▶ EXERCISE DESCRIPTION: Nothing in the entries may be altered; copy them all exactly.

▶ DATA FOR THIS EXERCISE:

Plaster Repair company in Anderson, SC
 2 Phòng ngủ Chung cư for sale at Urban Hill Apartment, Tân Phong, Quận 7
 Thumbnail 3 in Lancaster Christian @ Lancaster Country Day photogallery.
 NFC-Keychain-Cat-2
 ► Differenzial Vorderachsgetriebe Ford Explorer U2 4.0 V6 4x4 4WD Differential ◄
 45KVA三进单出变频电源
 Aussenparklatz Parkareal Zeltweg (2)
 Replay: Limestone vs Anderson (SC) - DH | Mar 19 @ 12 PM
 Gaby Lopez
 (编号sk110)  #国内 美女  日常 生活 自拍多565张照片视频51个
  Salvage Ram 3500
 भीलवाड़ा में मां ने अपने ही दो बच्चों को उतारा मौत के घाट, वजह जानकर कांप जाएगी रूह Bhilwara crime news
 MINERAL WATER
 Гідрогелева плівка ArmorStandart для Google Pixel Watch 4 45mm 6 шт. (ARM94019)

▶ OUTPUT FOR THIS EXERCISE:
Plaster Repair company in Anderson, SC
 2 Phòng ngủ Chung cư for sale at Urban Hill Apartment, Tân Phong, Quận 7
 Thumbnail 3 in Lancaster Christian @ Lancaster Country Day photogallery.
 NFC-Keychain-Cat-2
 ► Differenzial Vorderachsgetriebe Ford Explorer U2 4.0 V6 4x4 4WD Differential ◄
 45KVA三进单出变频电源
 Aussenparklatz Parkareal Zeltweg (2)
 Replay: Limestone vs Anderson (SC) - DH | Mar 19 @ 12 PM
 Gaby Lopez
 (编号sk110)  #国内 美女  日常 生活 自拍多565张照片视频51个
  Salvage Ram 3500
 भीलवाड़ा में मां ने अपने ही दो बच्चों को उतारा मौत के घाट, वजह जानकर कांप जाएगी रूह Bhilwara crime news
 MINERAL WATER
 Гідрогелева плівка ArmorStandart для Google Pixel Watch 4 45mm 6 шт. (ARM94019)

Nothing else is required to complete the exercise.